> ABOUT THIS TASK: Write out exactly, and only, the lines below from the line with "Rivestimento in pietra" through the line with "KNDNE5H37P6202120 KIA Carnival Mpv Sx"; pictures do not belong in the copy.

> RECORD EXCERPTS:

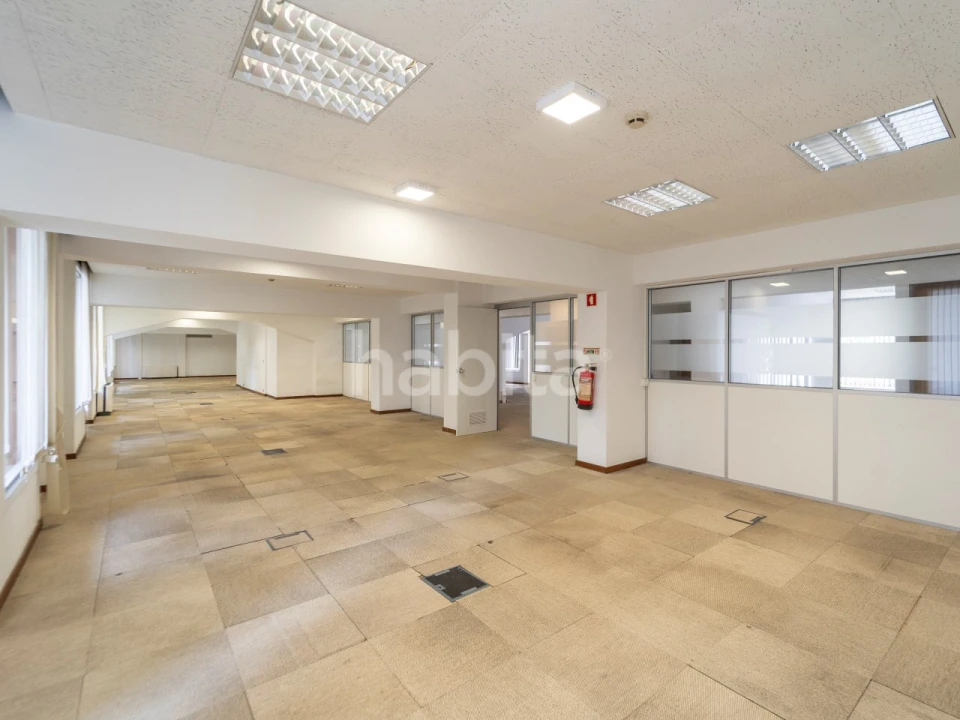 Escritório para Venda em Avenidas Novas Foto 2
---
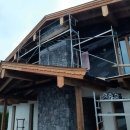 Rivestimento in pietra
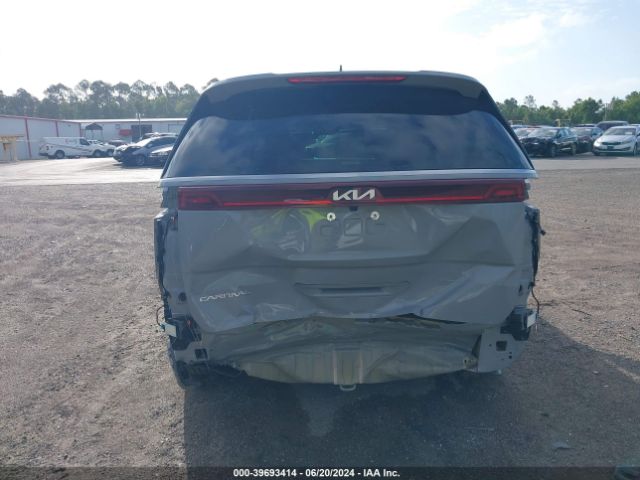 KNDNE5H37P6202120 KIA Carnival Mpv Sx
==
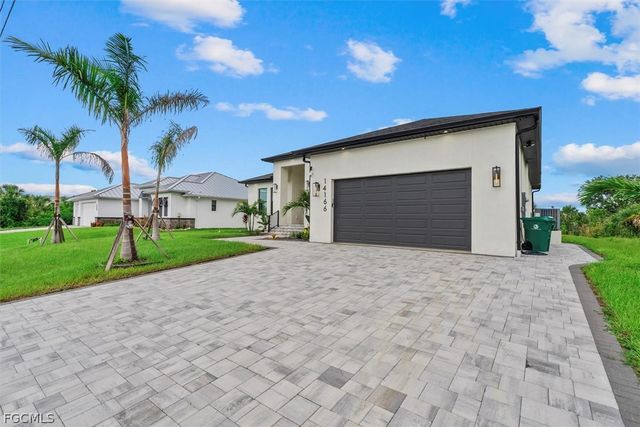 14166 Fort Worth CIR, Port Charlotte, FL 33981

> ANSWER SPACE:
 Rivestimento in pietra
 KNDNE5H37P6202120 KIA Carnival Mpv Sx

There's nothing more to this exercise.